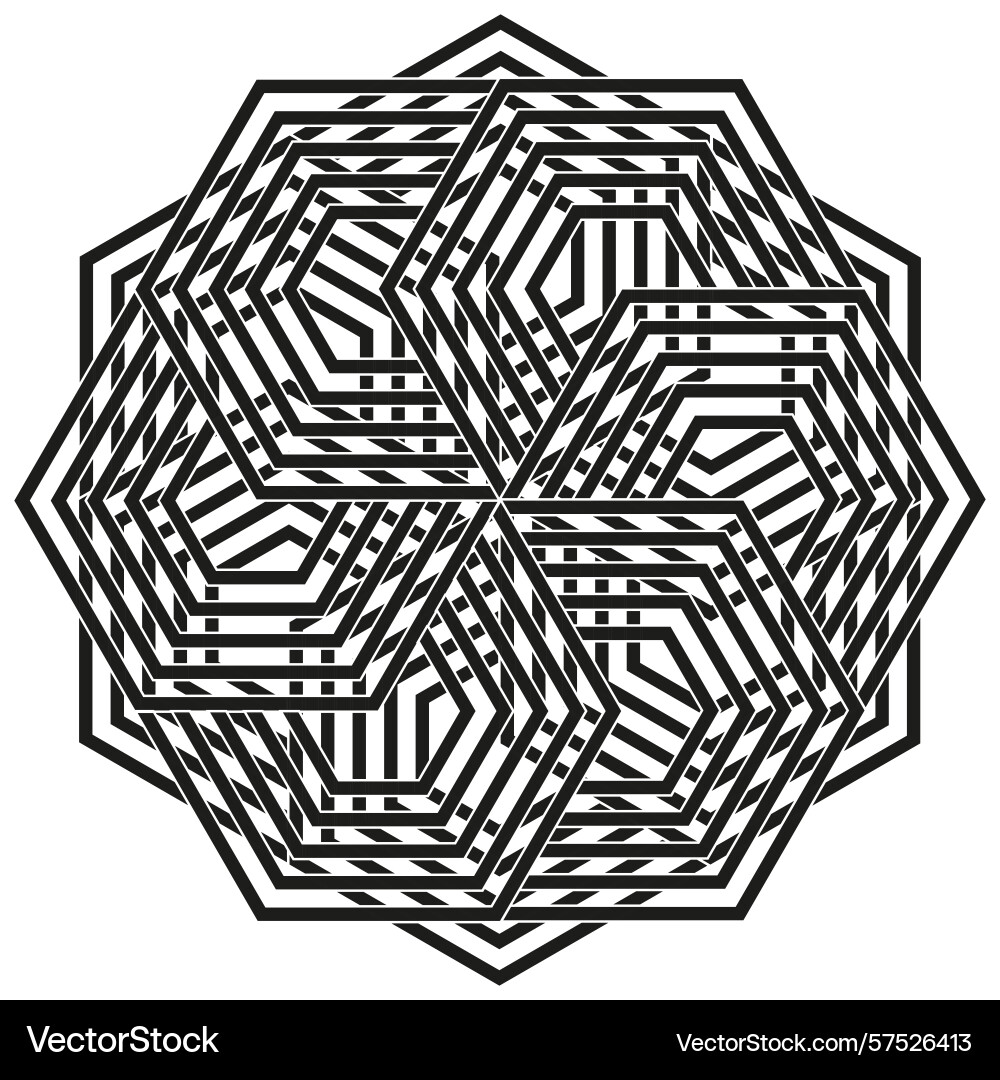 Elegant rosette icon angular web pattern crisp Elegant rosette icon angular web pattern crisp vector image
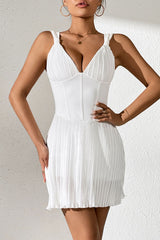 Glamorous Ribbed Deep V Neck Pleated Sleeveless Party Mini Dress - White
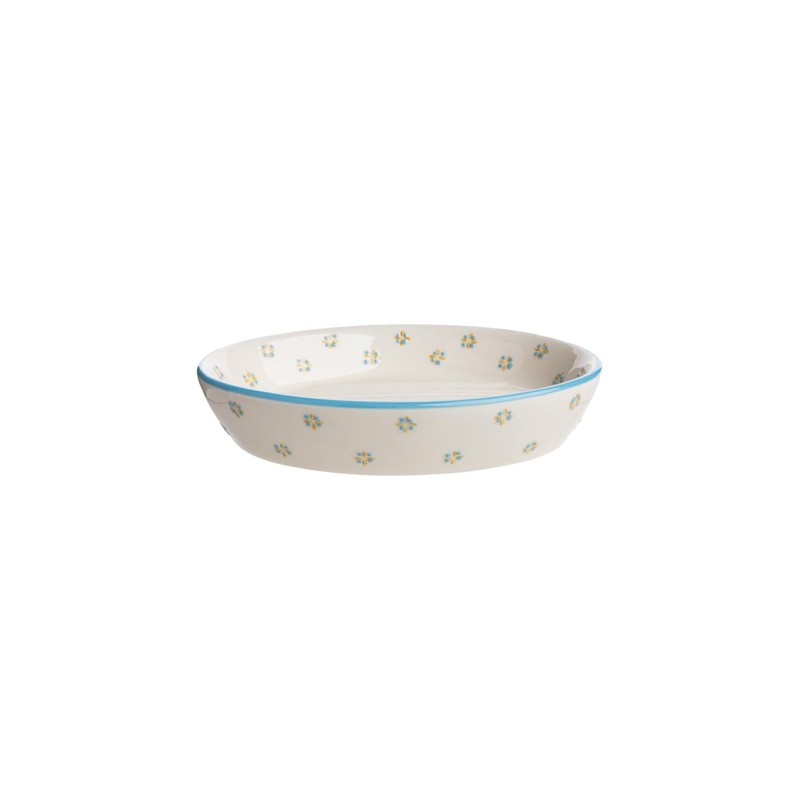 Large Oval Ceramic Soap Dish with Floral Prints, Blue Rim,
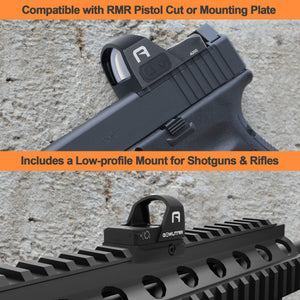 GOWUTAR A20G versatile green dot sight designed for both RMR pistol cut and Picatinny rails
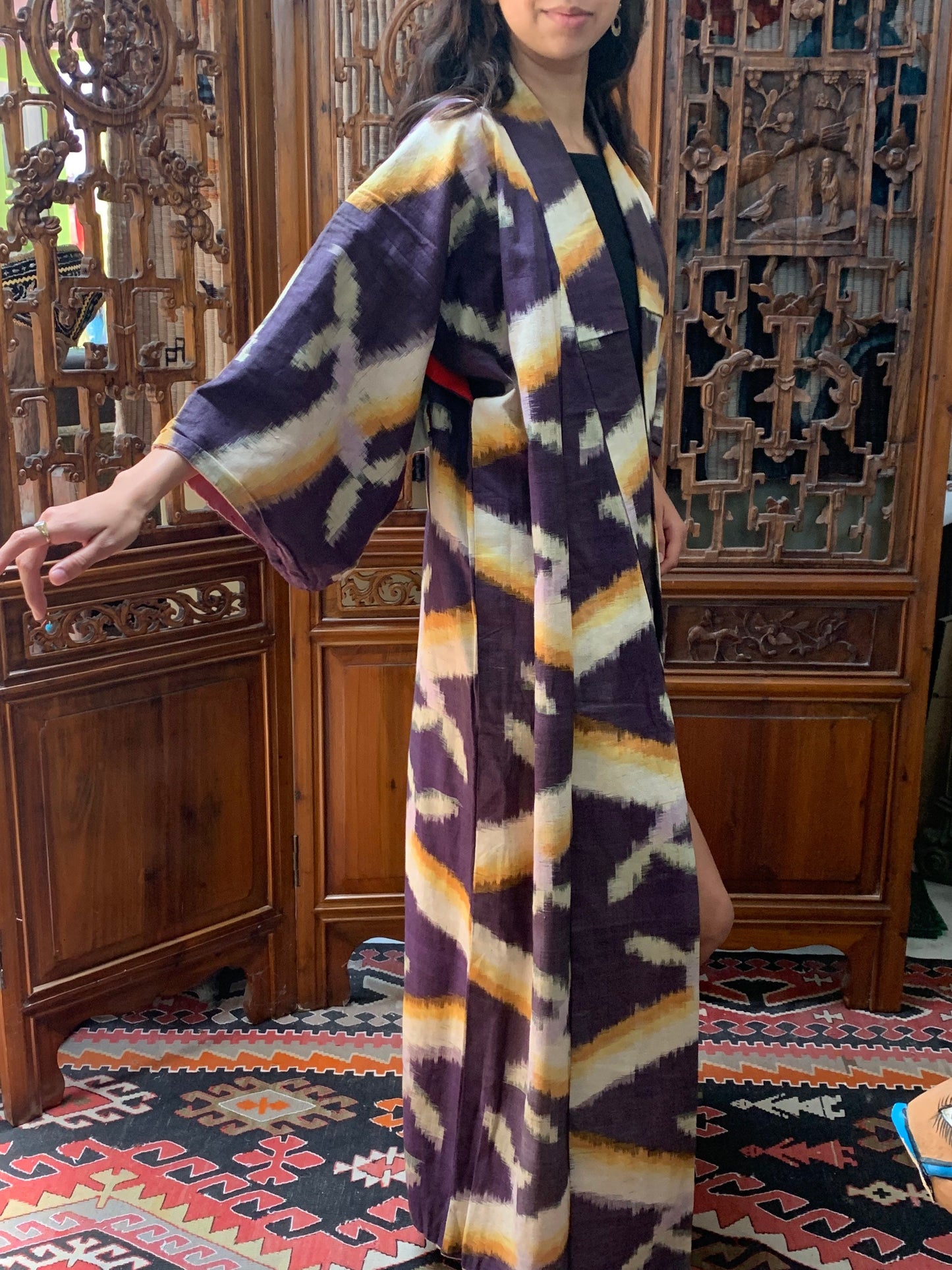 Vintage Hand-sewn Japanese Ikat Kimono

^^^^^^^^

Give the lines exactly, from the first line of the entries to the line with "GOWUTAR A20G versatile", both ends included. Skip the pictures.

**TASK RESPONSE:**
 Elegant rosette icon angular web pattern crisp Elegant rosette icon angular web pattern crisp vector image
 Glamorous Ribbed Deep V Neck Pleated Sleeveless Party Mini Dress - White
 Large Oval Ceramic Soap Dish with Floral Prints, Blue Rim,
 GOWUTAR A20G versatile green dot sight designed for both RMR pistol cut and Picatinny rails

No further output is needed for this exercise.